We all pay sales taxes as well, which in some areas can be as high as 10% when state and local taxes are combined. These taxes are paid by all, but make up a larger percentage of the income of the poor, because as much as 50% of their income may be spent on taxable items. In other words, a poor family may pay out as much as 3% of their total income in sales taxes, while a wealthy family is likely to pay 1% or less. State income taxes range from nothing up to 8% in some states. Property taxes are paid by all working poor as well. Even those who rent are paying the true cost of property taxes. By the way, the costs of corporate income taxes are also passed on in the products and services produced. If taxes on profits were paid only as owners received those profits as income, prices would likely be lower, so we pay those taxes indirectly as consumers.

In response to your second point, most people work by the way. According to the U.S. Census Bureau, the percentage of Americans on welfare is about 2%. This is in contrast to 24% of Americans estimated to be below the relative poverty threshold(2). In other words, about 8% of so-called "poor people" take welfare. This is a small figure: too small to equate with all lower income people.

Your second claim is essentially that poor people produce crime. This is absolutely false. Falsely, when we think of crime, we think of a hooded man stealing a car. However, while damages from theft and robbery in 1993 amounted to only $15.3 billion (committed by "poor people"), white-collar crimes such as embezzlement cost society about $200 billion. With respect to murder, the FBI counted exactly 23,127 in the United States in 1993. However, if we take into account corporate negligence and malfesience, the figure is actually closer to 318,368. Since murder is "an unlawful killing with malice aforethought", a rich mine owner is equally as guilty if he knew his mines were unsafe as the mugger who killed his victim(3). From these figures, it is clear that the powerful and rich are capable of much more loss of life and property than the poor.

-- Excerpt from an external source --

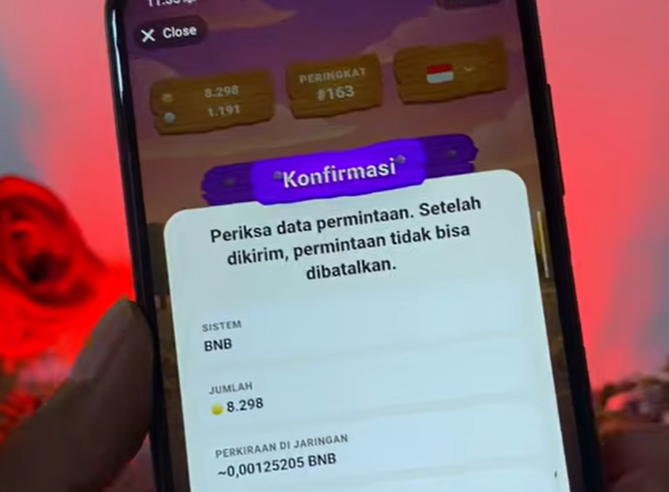 Review Bot Golden Miner, Tes Tukar 8000 Gold ke Pintu, Apakah Terbukti Membayar?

Taxes are spent to fix problem areas like Harlem because the crime we associate with poor black men is thought to be prevented easily by a stronger police presence. These same crimes committed by the rich and powerful are seen as unpreventable, because closing down an business is met with strong opposition from community members.

Your third claim is that rich people are beneficial to this country. And I agree. However, I am not sure how this supports your claim that the poor are not beneficial. Are you saying that the poor would be more beneficial if they were rich? However, that would not make sense. Would we pay the software designer (Bill Gates) the same as the assembly line worker? In that case, what would be the incentive to produce, knowing that you will be paid the same regardless. That is the failure of socialism, an economic system that puts the entire populace in poverty. Innovation can happen within any class of a society. A vast majority of businessmen in this country did not start rich; they became rich after being relatively poor, but dedicating themselves to becoming rich.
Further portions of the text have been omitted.